First cook with fan (the dip is when I added a good amount of new charcoal):


----------



## bmudd14474 (Aug 30, 2018)

Id use the fireboard.com


----------



## krj (Aug 31, 2018)

I've been looking at the fireboard quite a bit lately. Is the wifi access easy to set up? Also, does that allow say for me to be away from my smokers location and make a temperature adjustment? Not that I'm advocating leaving a smoker unattended, but if I had to run to the store(30min round trip) can I adjust remotely with my phone?


----------



## Xendau (Aug 31, 2018)

The Wi-Fi and Bluetooth are super easy set up. And yes, once my temperature evens out, I have gone out on extended runs. You can see how fast the fan is blowing, the temp of the pit, and all the meats you have hooked up (of course), and yes, you can adjust the temp from anywhere you have cell service.

There are also upper and lower alarms for pit temp and meat temp. It can send emails, texts, and if you buy the Drive cable with speaker, it gives an audible alert.

It is quite the handy gadget... I often sit inside and monitor it, when previously I would have to be outdoors and almost be babysitting the pit.


----------



## krj (Aug 31, 2018)

Damn, sounds really good. I'll be using it on my big gravity feed for my bigger cooks so maybe I can actually get some sleep instead of working my day job then going home and staying up all night tending temp.


----------



## Xendau (Aug 31, 2018)

I promise you... on overnight cooks it has saved me many hours of lost sleep. And I've only had it since July! I used to set my alarm every hour to wake up to check the temp. None of that anymore...
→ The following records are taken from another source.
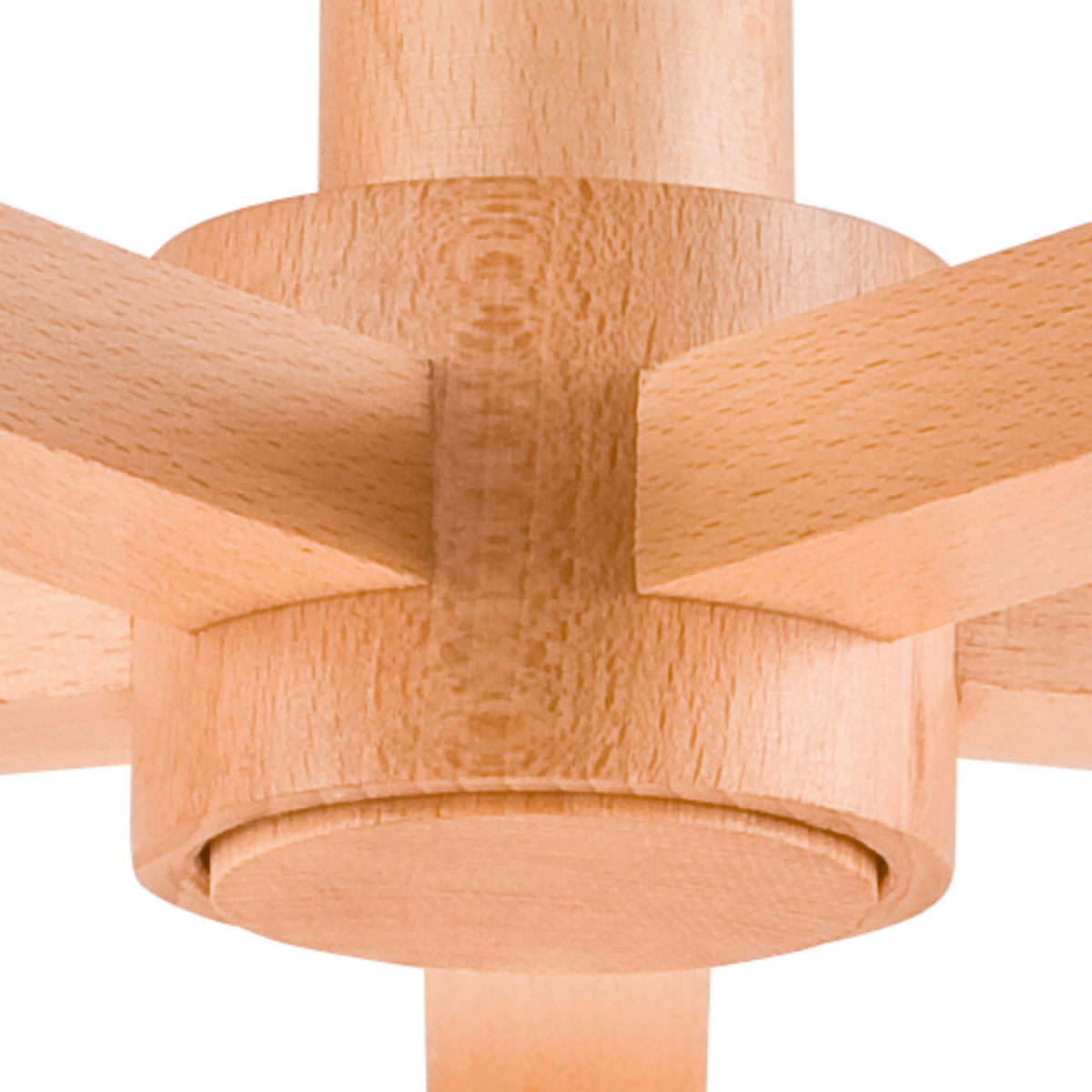 HÄNGELEUCHTE  - Weiß Hochglanz, Natur, Holz/Textil (50cm)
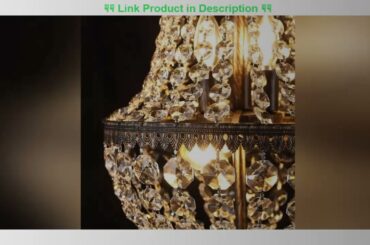 Top Rated Wellmet 6 Lights French Empire Crystal Chandelier, 13 Inch Farmhouse Pendant Chandeliers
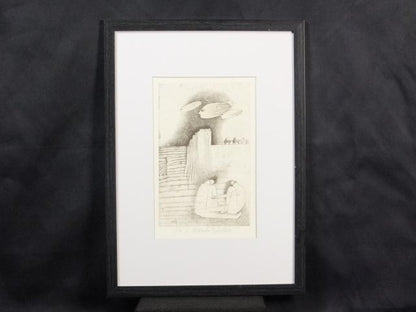 Veronika Paleckova "Portrait" Signed Etching Limited 30 Framed Czech Art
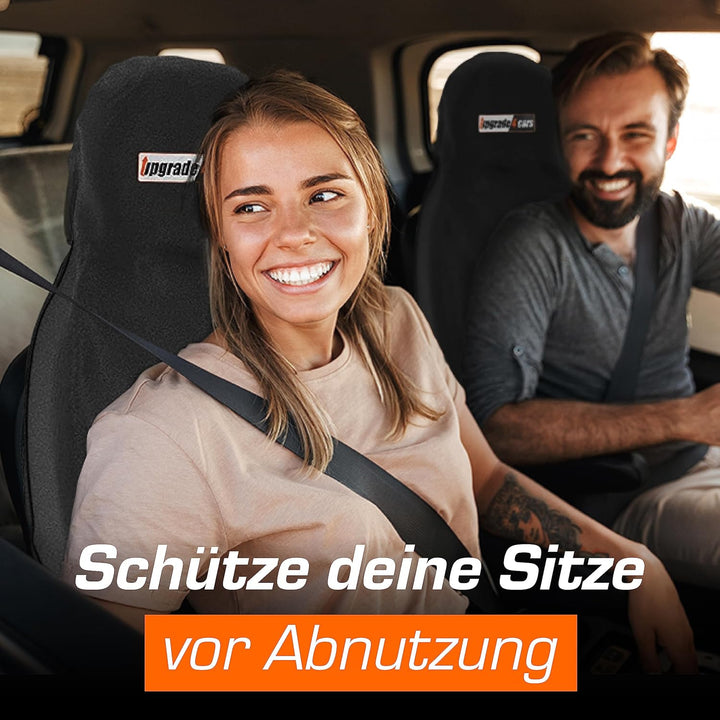 Upgrade4cars wasserdichter Autositzschoner für Vordersitze | Fahrersitz Schonbezug für Werkstatt, Ar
Last overnight cookI set up at like 10:45, alarm went off at like 5am, I got up and cleared ash, added fuel, stoked the fire, and let it go back to work on its own.


----------



## krj (Aug 31, 2018)

Hmmm, I had planned on going the guru route, but after your glowing review and comparing their abilities, I'm definitely now leaning towards getting a fireboard.


----------



## Xendau (Sep 1, 2018)

I almost went guru... but just the application and online  application, it looked so basic, not thought out. Its interface is very 80s Commadore 64. Funny thing is I found fiberboard by accident. I was doing deep research on the guru when I happened on the info for fireboard.

If I had the money, I'd guarantee you'd be happy. But my pockets aren't that deep. lol 

If you do enough searches here alone.... there are tons of happy fiberboard users.


----------